Drones are useful in many ways:

  • Ability to conduct network testing on a wider portion of area where human reach is impossible.

  • Safer way of testing networks for both indoor and outdoor regions.

  • No human exposure to hazardous situations such as vulnerable to dangerous gases, falling on earth, or getting trapped.

  • Drones are enabled to capture real-time network information so that the engineers can make improvements for providing better Quality of Experience (QoE) to users.

  • Cell tower/base stations inspections, radio planning can be done with drones.

  • Effective and efficient network testing for mobile operators, thereby enhancing operational efficiency.

  • Curbs mobile testing insurance costs provided to human staff as they are no longer involved in testing of networks who may be susceptible to health risks.

4G/5G network inspection with telecom drones

  • Ericsson and Vodafone partnered to use drones and data from mobile networks to produce network coverage maps and assess areas with good signals. It allows the operators to optimise the mobile network connection.

  • Three companies namely UPS Flight Forward, Skyward and Verizon teamed up to examine the 4G network in delivery drones. The project commenced in 2020 and aimed at assessing reliability and network performance from an altitude.

  • AT&T provided its commercially available spectrum to Qualcomm to test drones on 4G LTE networks used for commercial purpose. Multiple test cases were executed to measure key KPIs such as coverage, signal strength, throughput, latency and mobility.
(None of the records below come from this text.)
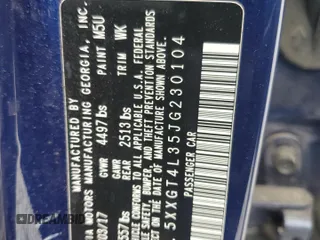 2018 Kia Optima LX z VIN 5XXGT4L35JG230104, wystawiony jako Copart lot #59007125 z przebiegiem 60 784 mil mil oraz Szkoda całkowita • Salvage title. Historia ofert i sprzedaży dostępna na DreamBid. Obrazek 12.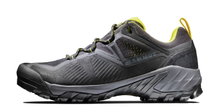 Mammut Wanderschuhe Sapuen Low GTX (wasserdicht) schwarz Herren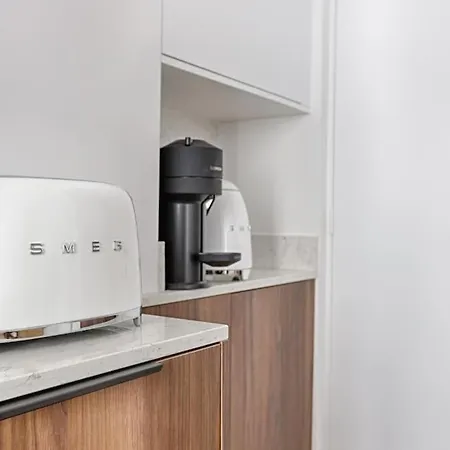 Mykeypers - Amazing Luxe & Cosy Flat 2br/6p - Bastille Daire Paris
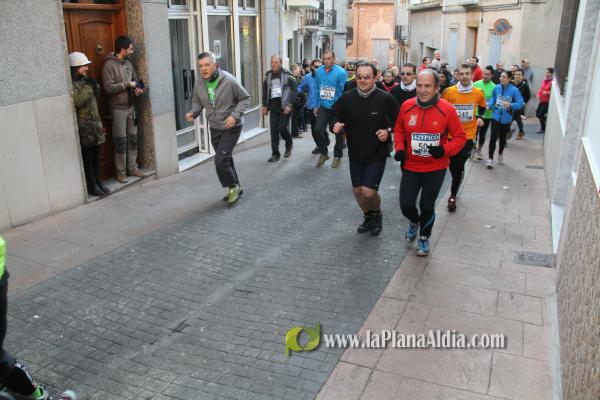 GALERIA 1: Salida y carrera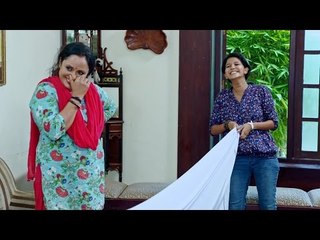 Uppum Mulakum│ബാലുവിന് ചേട്ടൻ കൊടുത്ത മുണ്ട് ലച്ചു കരിച്ചു | Flowers│EP# 316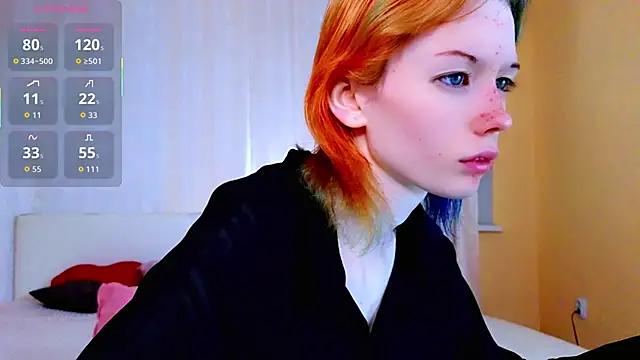 Kiara Dream online show from June 2026 11:03:02 PM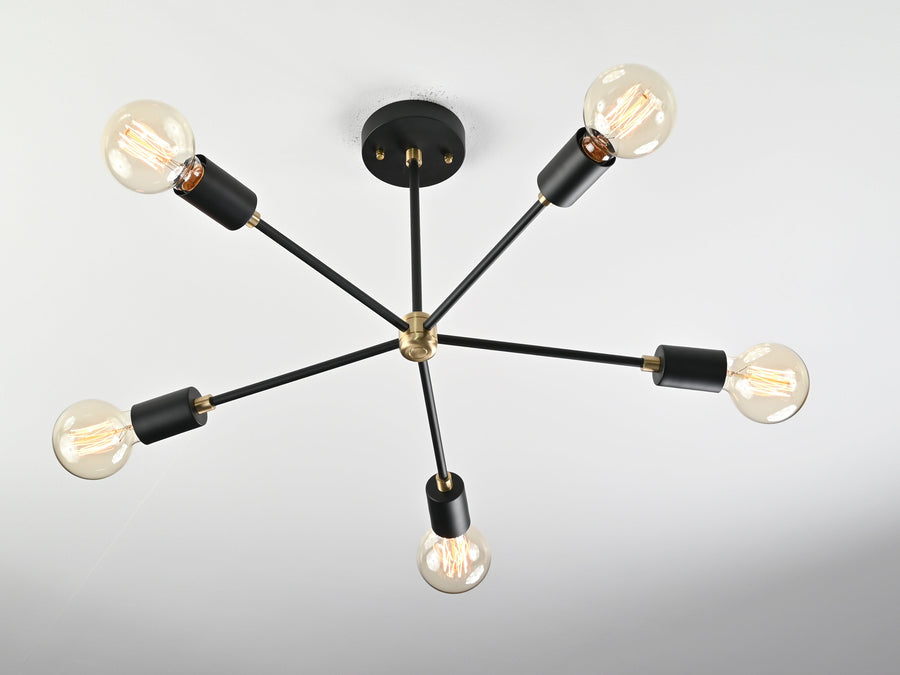 Copenhagen Beacon - Chandelier - 5 Lights - 32177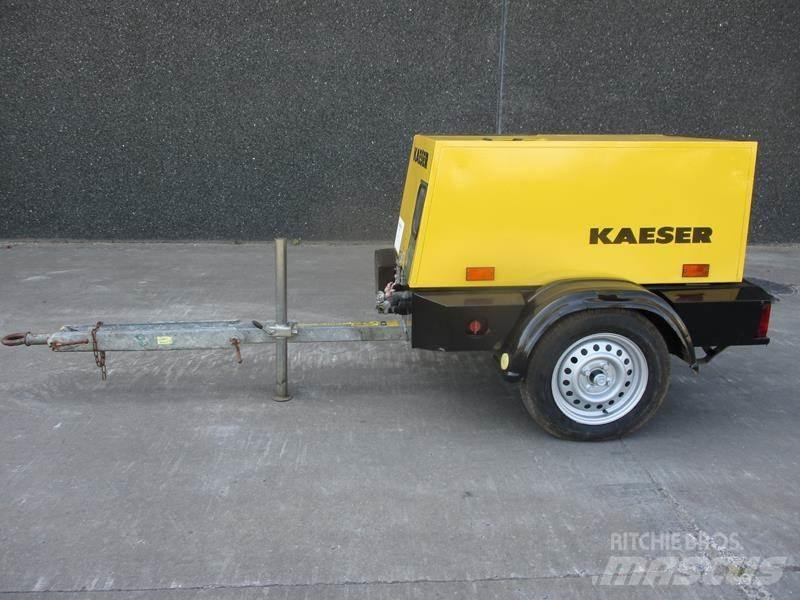 Kaeser M 20 Компресори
  • ‘Intelligent Site Engineering’ is a service provided by Ericsson. TDC NET partnered with the company to monitor 5G wireless network using drones, AI/ML and 3D modeling technologies. 3D models i.e., ‘digital twins’ were created using drones and other technologies to perform 5G network testing and get measurement reports for the targeted site. Consequently, TDC NET were able to save costs as one staff engineer was able to perform the whole examination process in one hour without further requiring extra manpower and cumbersome equipment. They performed network testing with this service in 200 sites (approx.) efficiently.
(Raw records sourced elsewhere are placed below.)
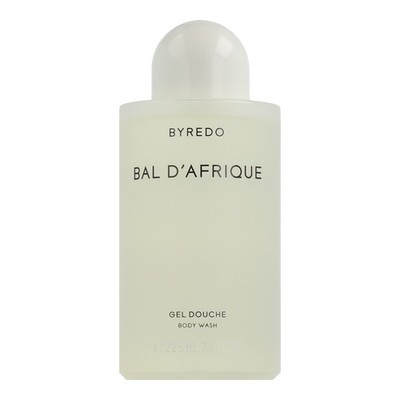 Byredo Bal d'Afrique shower gel 225ml
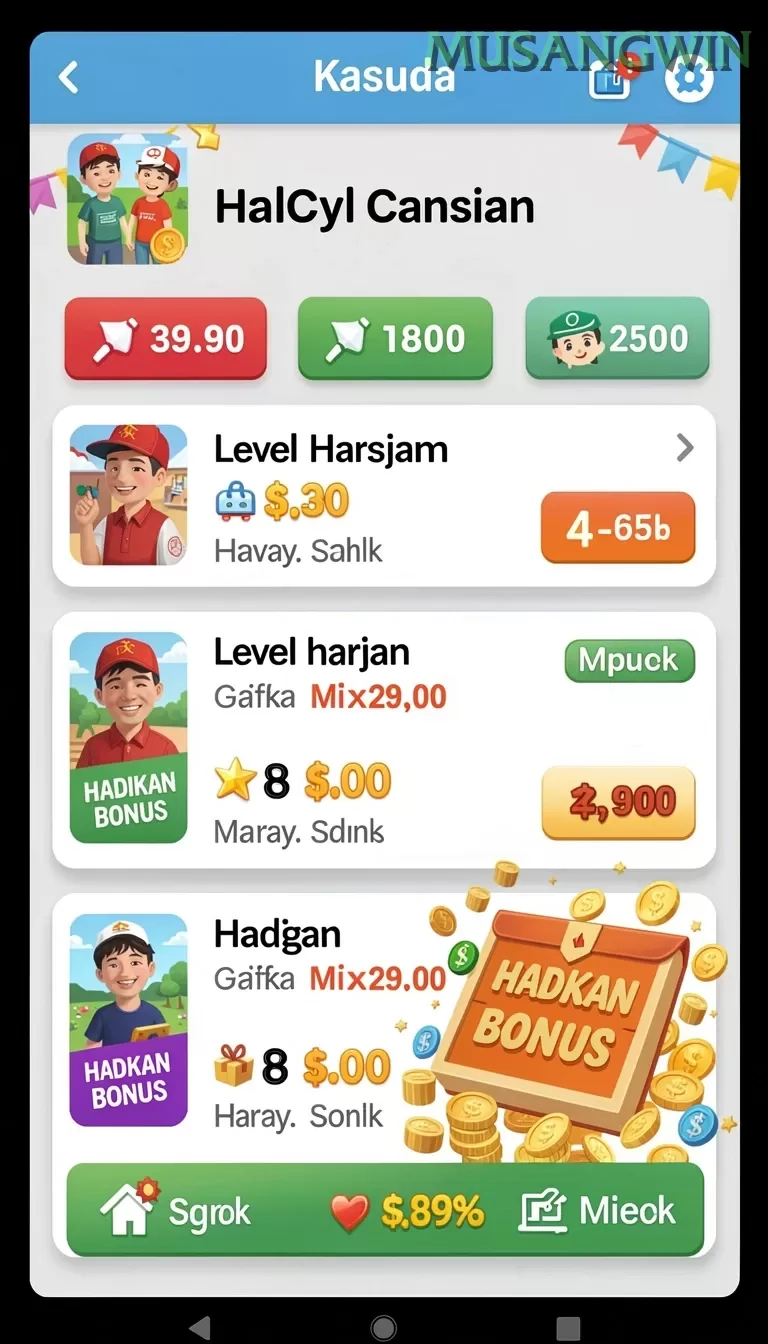Screenshot Bounty Showdown nomor 2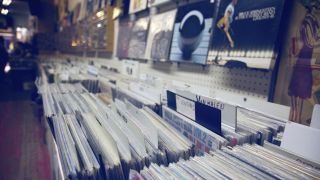 Sales of vinyl in the UK set to eclipse CDs for the first time in decades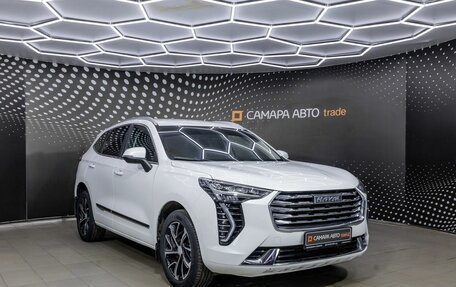 Haval Jolion, 2021 год, 1 904 000 рублей, 4 фотография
  • SK Telecom shared its 5G trial network with a drone manufacturing firm named Percepto. The partnership is for exploring the potential of both the companies' significant assets i.e., 5G trial network and autonomous drones respectively.
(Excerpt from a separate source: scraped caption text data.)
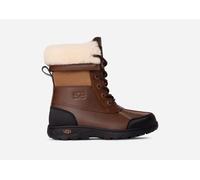 UGG® Butte II Boot for Kids in Brown, Size 2, Leather/Suede/Waterproof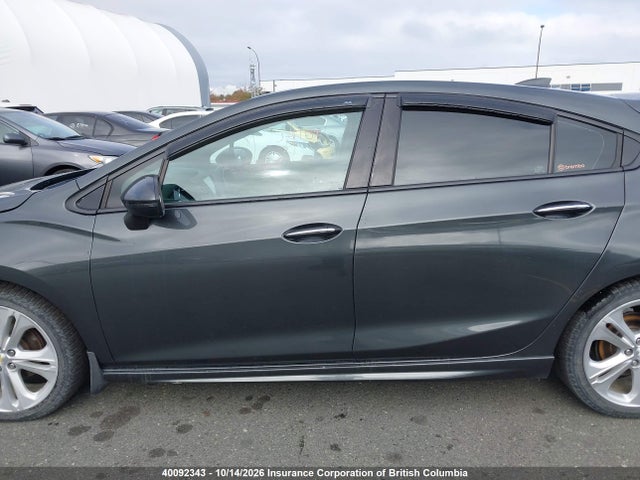 Aukcja sprzedaży 2017 Chevrolet Cruze, vin: 3G1BF6SM4HS522153, numer aukcji: 40092343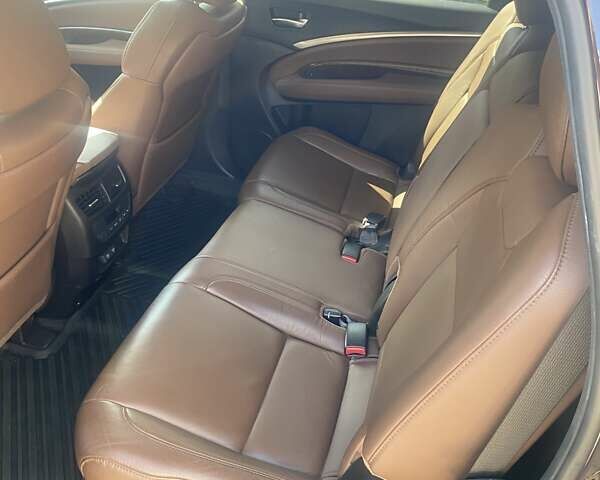 Коричневий Акура МДХ, об'ємом двигуна 3.5 л та пробігом 90 тис. км за 21500 $, фото 7 на Automoto.ua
Network deployments for 5G networks are expanding and so is the application of drones to conduct network testing in critical conditions and areas where human reach is limited. Operators are developing architecture for 5G for drones to communicate with networks and give real-time network measurements to assess abnormality in quality and improve it further. With so many benefits of using drones in the telecommunication space, telecom players are exploring new models to deploy drones and test networks to extract more significant value from it. As 5G network capabilities will be significantly improved, it will give rise to more large-scale drone deployments in every other industry with effective and efficient mobile connectivity.